This is how easy it is to become a better worker right now.
From always saying yes to business travel opportunities to being honest about your workload, here are eight great ways to become a better professional – right here, right now.
1. Say yes
When new opportunities present themselves in the office, be ready to say yes. Whether it’s work-related training, an offer to lead up a new project, or maybe the chance of some business travel, a good professional should show they’re willing to take on a challenge and try something new.
Take the last of these for example – according to a recent Crowne Plaza® Hotels & Resorts survey, 25% of employees would opt for more travel as part of their job, and with good reason.
It’s not only a chance to open new doors and advance your professional life (over one in three people in the survey believe business trips help them get ahead in their career), but there’s the potential to learn about a new culture – a key skill in an increasingly globalised market place. Finally, business travel creates the chance to enjoy some downtime in a new and exciting environment.
2. Strike the right balance
We’re all familiar with the phrase ‘work/life balance’. Indeed for many of us it’s accompanied by a jaded laugh. After all, on the one hand we’re told that success means being prepared to work all hours, while on the other we know if we don’t meet the needs and obligations of family and friends, we’re likely to damage those relationships.
So think about how you spend downtime when you’re travelling and how to maximise it. Why not explore your new environment (88% of business travellers surveyed do just that), and then continue this trend back home.
Kathy Chalmers, Chief Human Resources Officer for major corporations, has some more suggestions: “There are great things you can do with your family, like exercise or making a healthy meal together, that will also have knock-on benefits for your professional life,” she says. “Also think about hobbies and pastimes that bring you into contact with new people outside your work environment, and that can provide you with a way to step away from the pressures of work.”
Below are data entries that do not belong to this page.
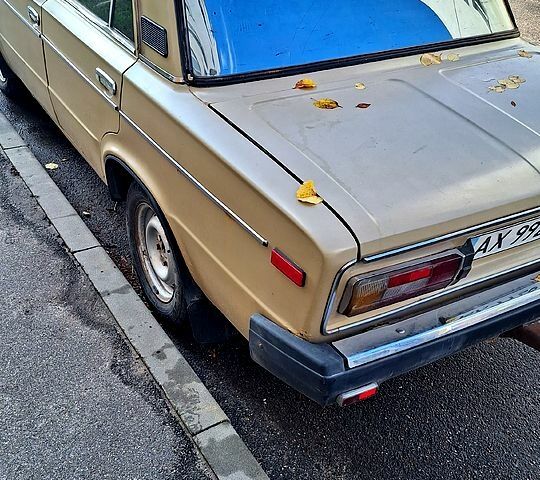 Бежевый ВАЗ 2106, объемом двигателя 1.3 л и пробегом 150 тыс. км за 670 $, фото 2 на Automoto.ua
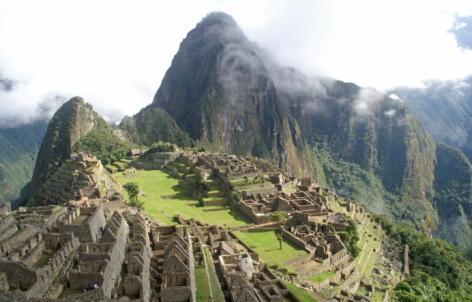 En guidad tur i Cusco tar oss med på ett besök i Soltemplet, katedralen samt en vandringstur runt större delen av staden för att höra dess fascinerande historia.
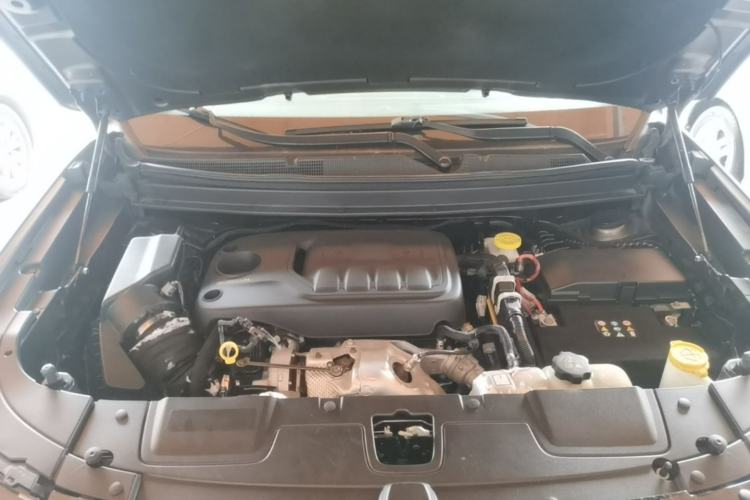Used Jeep Commander 2018 2.0T Two-Wheel Drive Enjoyment Version China VI Emission Standard Engine Bay
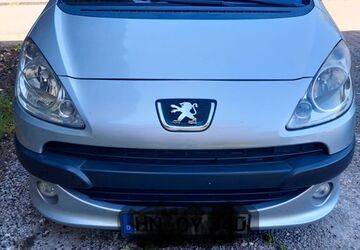 Peugeot 1007 150.000 km 2.100 &euro; İlsfeld 74360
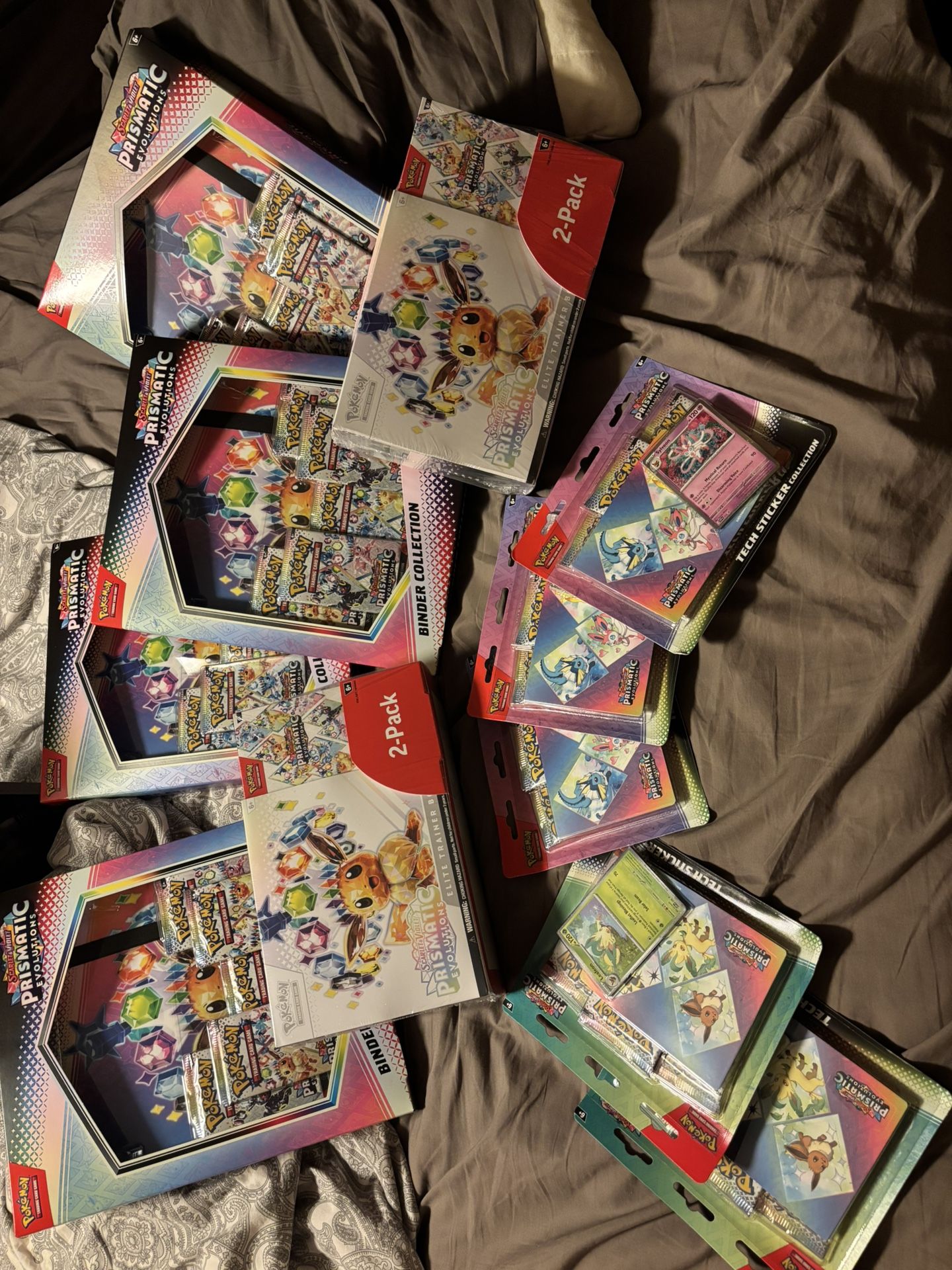 Pokemon Prismatic Evolutions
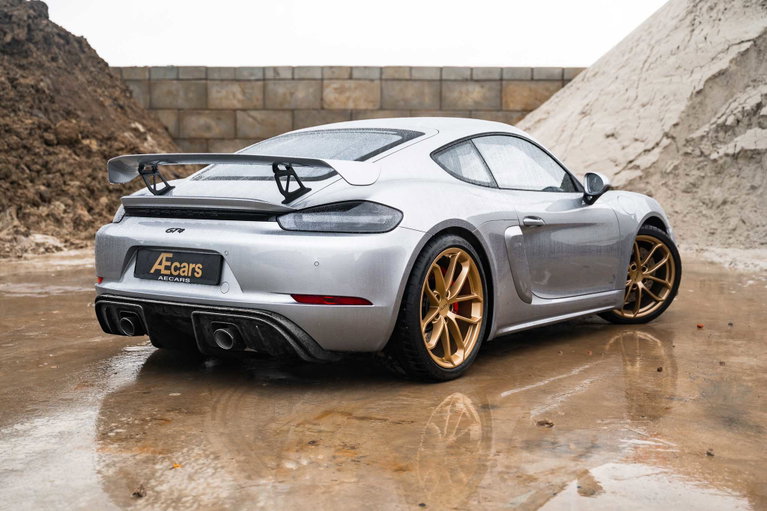 Porsche 718 Cayman GT4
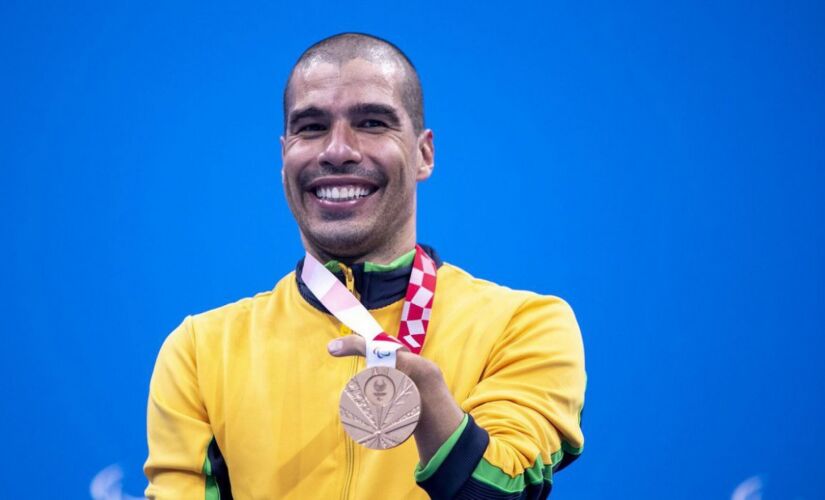 Daniel Dias é o maior atleta da história paralímpica nacional, com 27 medalhas ganhas na natação, sendo três no Japão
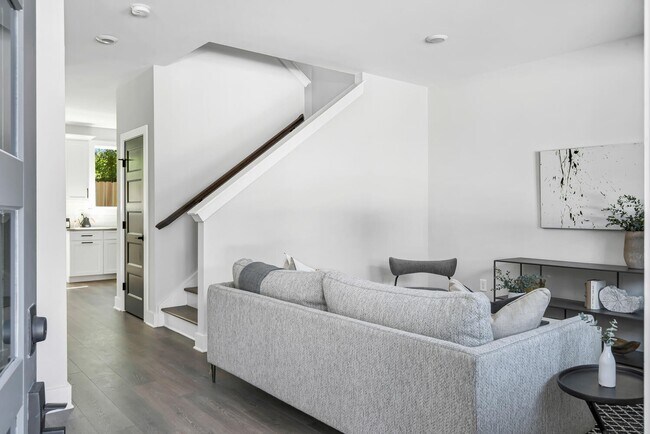 Foto del edificio - 801 Cherokee Ave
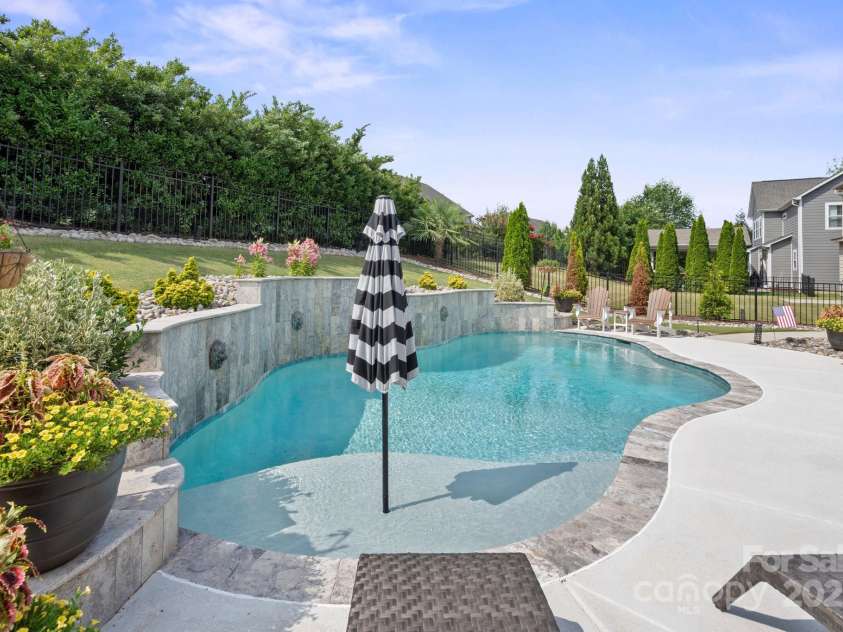 117 Heron Cove Loop, Mooresville, NC 28117.  MLS# CAR4277027, YatesRealty ID 34267.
3. Make use of business apps
There are some useful apps out there aimed at professional development. One great example, especially for people who travel for work, is The Business Culture and Etiquette app. It gives you a comprehensive introduction to the dos and don’ts of the culture you’re visiting, whether it’s how to greet someone or what to expect when it comes to negotiating strategy. If you are staying in the right place with free Wi-Fi, it’s easy to download this free app and get started. And in the long-term, it provides an ideal springboard to learning a new language, which will enhance both your professional and personal life.
4. Be pro-active
Don’t treat what happens at work as if you’re nothing but a passive spectator. True, your boss or line-manager might have a greater impact on the work environment, but you still have the power to influence and shape things too. Be ready to take the initiative when it comes to ideas and projects, or if you think something can be done more effectively or efficiently. For example, if meetings are feeling stale and unproductive, why not suggest holding one out of the office – or, if the budget allows, get everyone together at a hotel for a few days.
5. Be honest and open
It can be tricky to broach a situation at work where you’re struggling with a certain task or project, or where your workload feels too much.
“Find a trusted colleague at work, or someone with the appropriate skill-set outside of work to help,” says Kathy. “Or else talk to HR. It is their job to offer advice and help you in situations like this. Most importantly, don’t bury your head in the sand and pretend it isn’t happening.”
Feel empowered to delegate, if you have the opportunity to do so, and be ready to take a few risks when it comes to new challenges or being outside your comfort zone. At the same time, if you do get it wrong, be upfront about it. This shows courage, honesty and true professionalism, and it will earn you respect among your superiors.
6. Always arrive early
Incredibly simple one, this, but no less important for that. Whether it’s arriving at the office in the morning, or a meeting/conference at home or abroad, arrive a little early (it can be as little as five or ten minutes) in order to make sure you’re properly prepared and ‘in the zone’. This will give you time to go over notes, make some introductions with colleagues or clients who might also be arriving, or just a chance to relax and centre yourself. If you’re staying somewhere away from the office, make the most of the service on offer, whether its getting your devices fully charged, or simply grabbing some downtime over a coffee.
7. Look to where you can improve
We all have aspects of our job we can improve. Take stock of what they might be by writing a list, and think of ways you can immediately do something about them. It might mean doing a bit of extra research or training, or asking for some advice from a colleague, but plugging those knowledge gaps is essential if you want to be professional. And remember, this isn’t a one-time thing; given the dynamic nature of business and technology, it’s important to keep learning and picking up new skills. If you do, you’ll not only feel more confident, but will have a more valuable skill set.
8. Be supportive of colleagues
“Recognise what your colleagues do well and congratulate them for it,” says Kathy. “Not only does it feel good to make other people feel good, it also means those colleagues are more likely to be there for you when you need them.”
Companies want their employees to be competitive, but not to the detriment of the company itself, so while you should pursue your own individual ambitions, remember you’re all on the same team. Having an awards system within the office – one that acknowledges such team contributions – can build up a sense of camaraderie.